An application gets ERR runtime: may need to increase max user processes.
Error Message:
Application crash message during cf restart (or cf push):
2018-03-06T10:51:22.76-0500 [CELL/1] OUT Container became unhealthy [31m2018-03-06T10:51:22.76-0500 [CELL/SSHD/1] ERR runtime: failed to create new OS thread (have 8 already; errno=11) [0m [31m2018-03-06T10:51:22.76-0500 [CELL/SSHD/1] ERR runtime: may need to increase max user processes (ulimit -u) [0m [31m2018-03-06T10:51:22.76-0500 [CELL/SSHD/1] ERR fatal error: newosproc [0m 2018-03-06T10:51:22.76-0500 [CELL/SSHD/1] OUT Exit status 0
Tanzu Application Service (versions 1.12 through 2.0.7) had a process limit of 1024 on application containers. This limit was meant to protect Diego cell from malicious applications. Most applications using Buildpacks should not reach the "1024" limit, however certain applications running many threads or process may reach this limit. However, this problem has been fixed in Tanzu Application Service version 2.0.8 and higher; the limit has been set back to 0 (unlimited).
The following steps can be used to manually adjust pid_limit in the TAS (cf) manifest; it should be used with care, and is not recommended for Production environments.

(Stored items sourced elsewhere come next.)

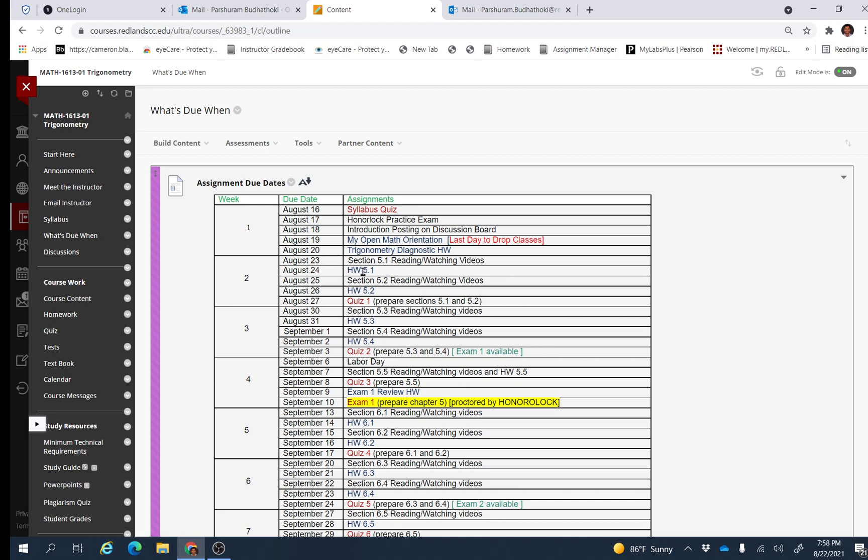These are the individual due dates, so make sure to follow these due dates and finish the assignments on time. If you have any questions or any confusion, feel free to email me.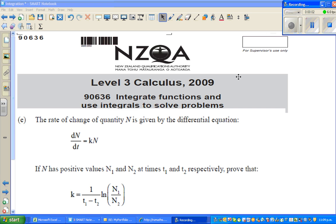Hello friends. In this video I'm going to do an excellence question taken from the NCA 2009 exam paper on the topic of integration.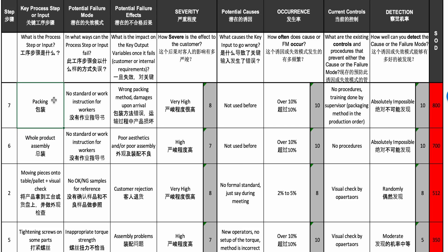In the step where they were packing the products, the potential failure mode was that there was no standard and no work instruction for workers. They don't really know what is supposed to be done or how it's supposed to be done, and if they have a doubt, they have nothing to compare against. The effect of this failure is wrong packing method, unhappy customers, and potential product damage after transportation.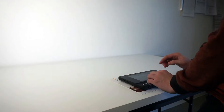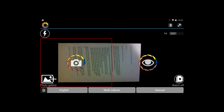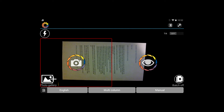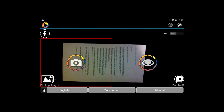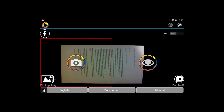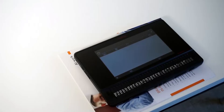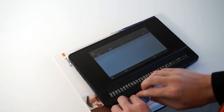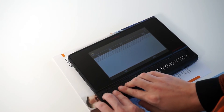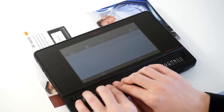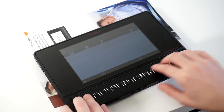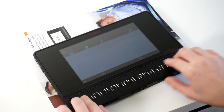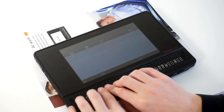You can get an understanding of how many edges of that print piece of paper are visible by activating the field of view report button. Within a few seconds, the optical character recognition will complete and you will have Braille on your Braille display.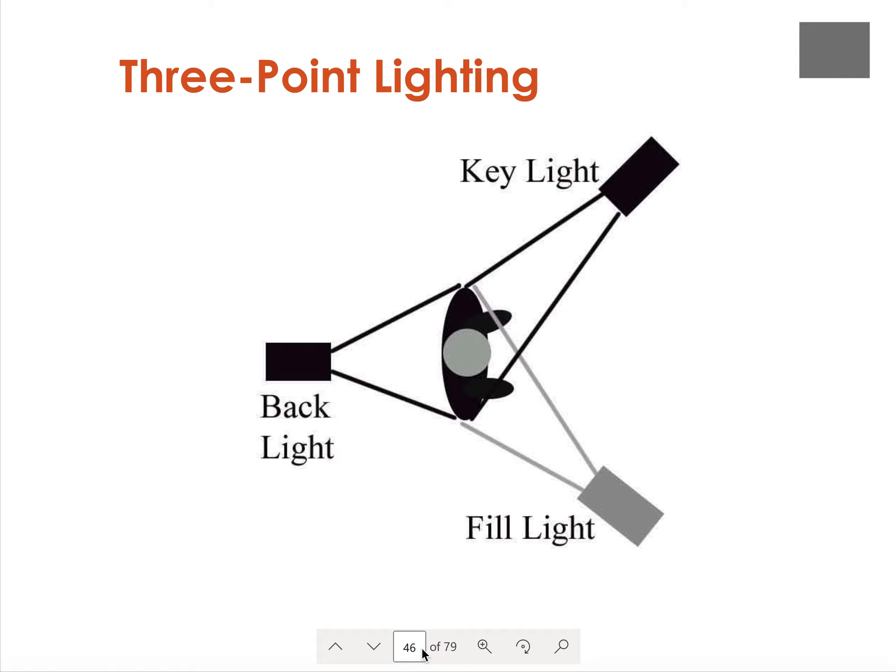This video is a continuation from the previous video. We've talked already a little bit about three-point lighting, used in the context of portraiture, where you have your key light which is your main light, your fill light which helps soften the opposite side shadows, and then your backlight where necessary to help separate your subject from the background.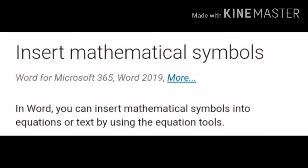In Word, you can insert mathematical symbols into equations or text by using the equation tool.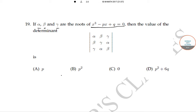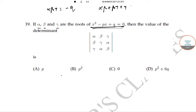Since alpha, beta, and gamma are the roots of this equation, from this equation we get: alpha times beta times gamma equals minus q, alpha beta plus beta gamma plus gamma alpha equals minus p, and alpha plus beta plus gamma equals zero.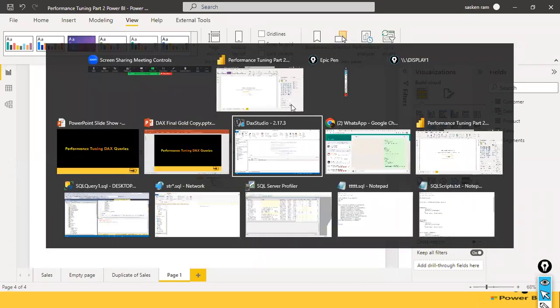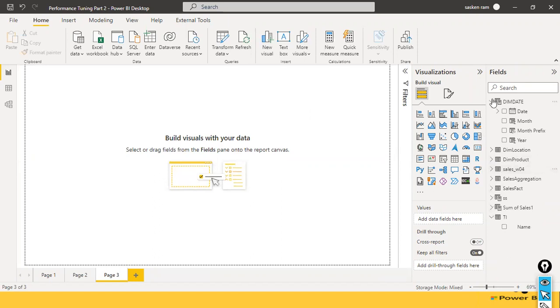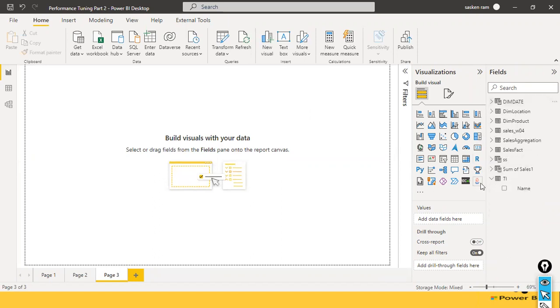What we will do is take a look at real-world scenarios. We are not going to create measures the way we did in the past.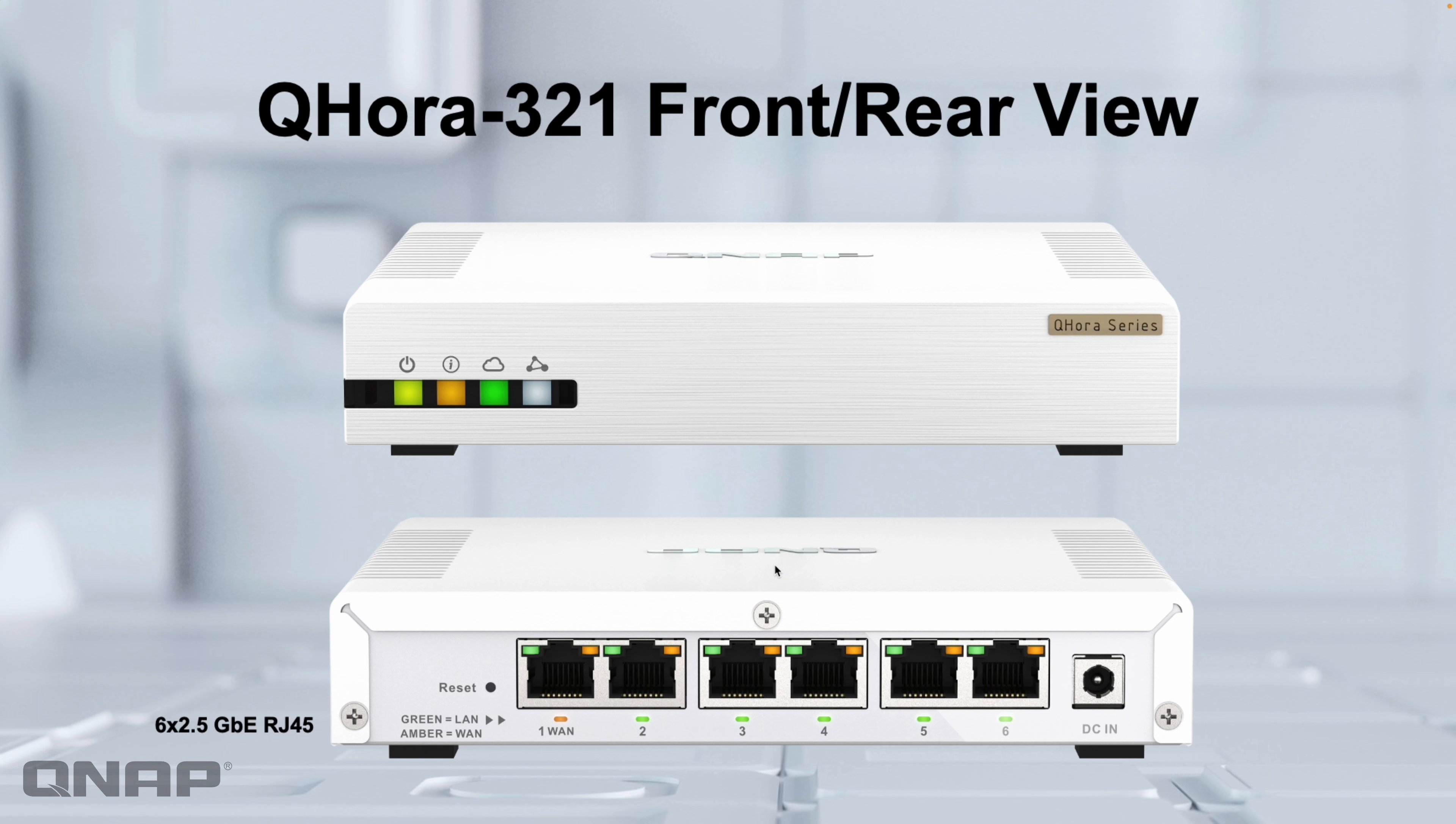Hi, today I wanted to show you an update on our updated QHORA range, which is our router series that we did.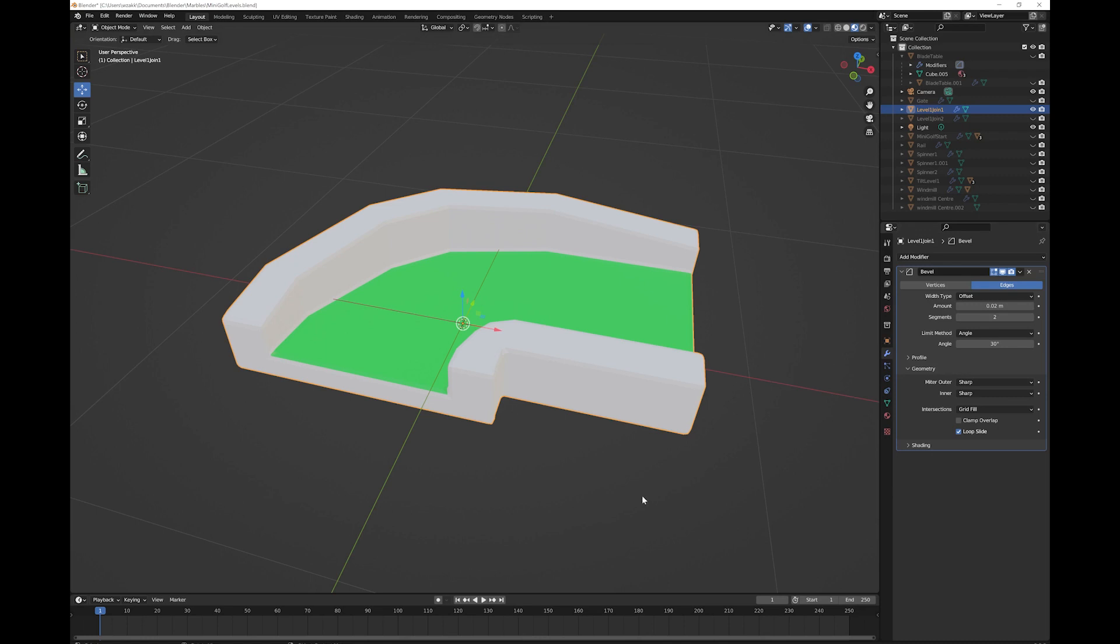I think it happens when the vertices are too close to each other and you're working with fairly small sizes, but that's how you fix it.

1. On Operations Manager, run the following command to dump cf manifest:
ubuntu@bosh-stemcell:~$ bosh2 -e lab12 -d cf-#################### manifest > cf.yml
2. Edit the manifest and insert the field pid_limit:0
(this goes under - name: cloud_controller_ng > properties: > cc: > diego:
ubuntu@bosh-stemcell:~$ vim cf.yml - name: cloud_controller_ng properties: cc: diego: + pid_limit: 0
3. Run a manual deploy of the edited manifest:
ubuntu@bosh-stemcell:~$ bosh2 -e lab12 deploy -d cf-#################### cf.yml Using environment '10.193.77.11' as user 'director' (bosh.*.read, openid, bosh.*.admin, bosh.read, bosh.admin) Using deployment 'cf-####################' instance_groups: - name: cloud_controller jobs: - name: cloud_controller_ng properties: cc: diego: + pid_limit: "<redacted>" Continue? [yN]:
The command will run and update cloud controller VM's with this setting.
WARNING: Changes made by BOSH deploy will be overwritten by Operations Manager update or upgrade.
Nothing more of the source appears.